Speaking specifically to the UN, there are two or three factors that explain the current situation. One is that the UN was attacked in Iraq in 2003, and I don't think they have quite got over it—not yet. They lost some of their best and brightest, and it made the UN, as a secretariat institution, quite nervous about its role in the world.
The second thing is to bear in mind that Afghanistan is one of 17 UN missions. The UN has something like 100,000 soldiers and officials in the field—quite a bit more than that if the Darfur operation ever gets off the ground properly. It has a budget of something like $6 billion. And Afghanistan is one of those missions.
What I would like to see done is that the Canadian government should—and I presume it's doing this, but given the circumstances it would have to do more—make a greater effort to persuade the UN to take this more seriously, to raise its profile, to raise its place in the UN list of priorities.
I understand that Ban Ki-moon described a dozen priorities the other day, and Afghanistan wasn't even one of them. Here we're transfixed, engrossed in Afghanistan, but at New York I don't think that's the case.

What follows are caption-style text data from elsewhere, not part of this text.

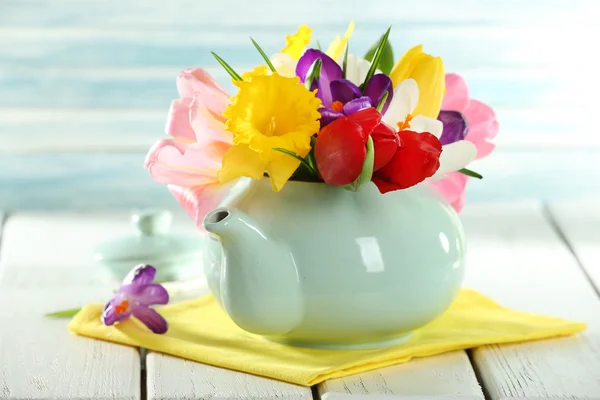 Beautiful spring flowers on wooden table, closeup — Stock Photo, Image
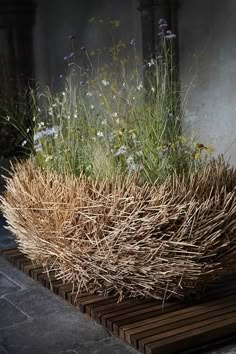 the planter is made out of sticks and grass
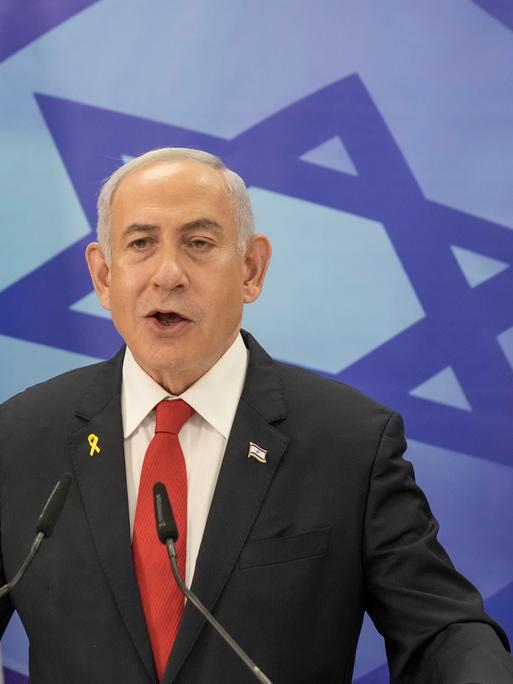 Benjamin Netanyahu am Rednerpult vor der israelischen Flagge.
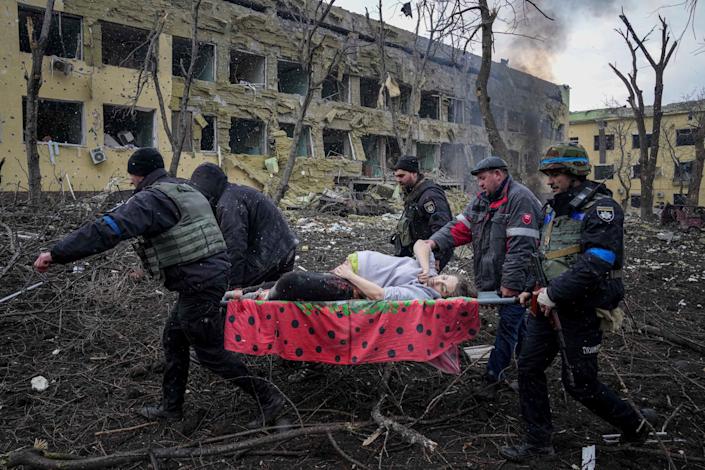 Ukrainian emergency employees and volunteers carry an injured pregnant woman from the maternity hospital that was damaged by shelling in Mariupol, Ukraine, Wednesday, March 9, 2022. The woman and her baby died after Russia bombed the maternity hospital where she was meant to give birth.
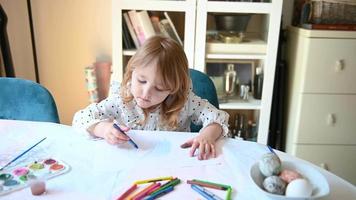 klein meisje zittend Bij tafel tekening Aan papier 4k video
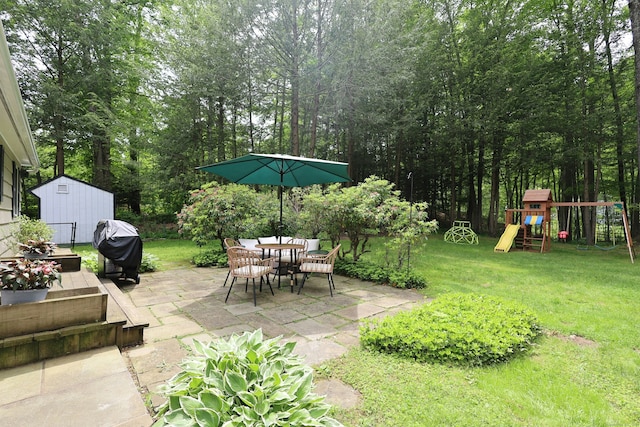 28 Shields Ln, Ridgefield, CT 06877 - view of patio with a grill, a playground, and outdoor dining space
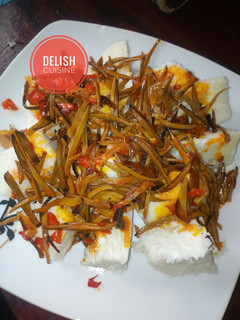 A picture of Boiled yam and ugba sauce (African oil-bean seed).
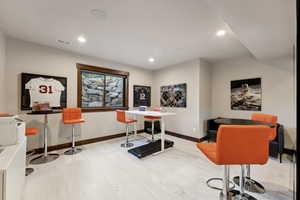 Office area with light wood-type flooring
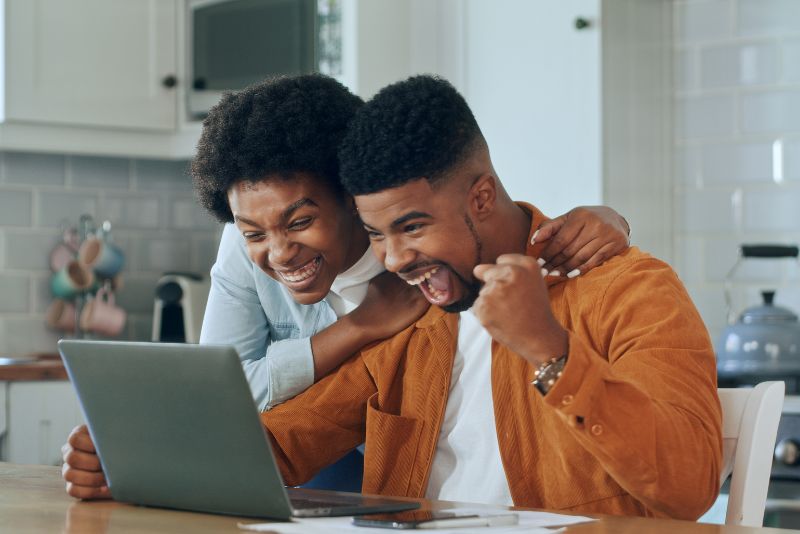 couple looking at laptop excited in the kitchen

That's what we need to do.
By the way, let me offer one word, if I may, on SAT. SAT is a very good idea, but if there were ever a case for a whole-of-government approach to something, this would be it. It's not perfectly obvious to me why this should be done by military planners, especially when the ground rules are that they don't do military activities. What I would have said on SAT is that there's been some controversy over how it's being managed. There's no reason that operation should not be part of the overall Canadian operation, and it should be run like every other part of the Canadian government.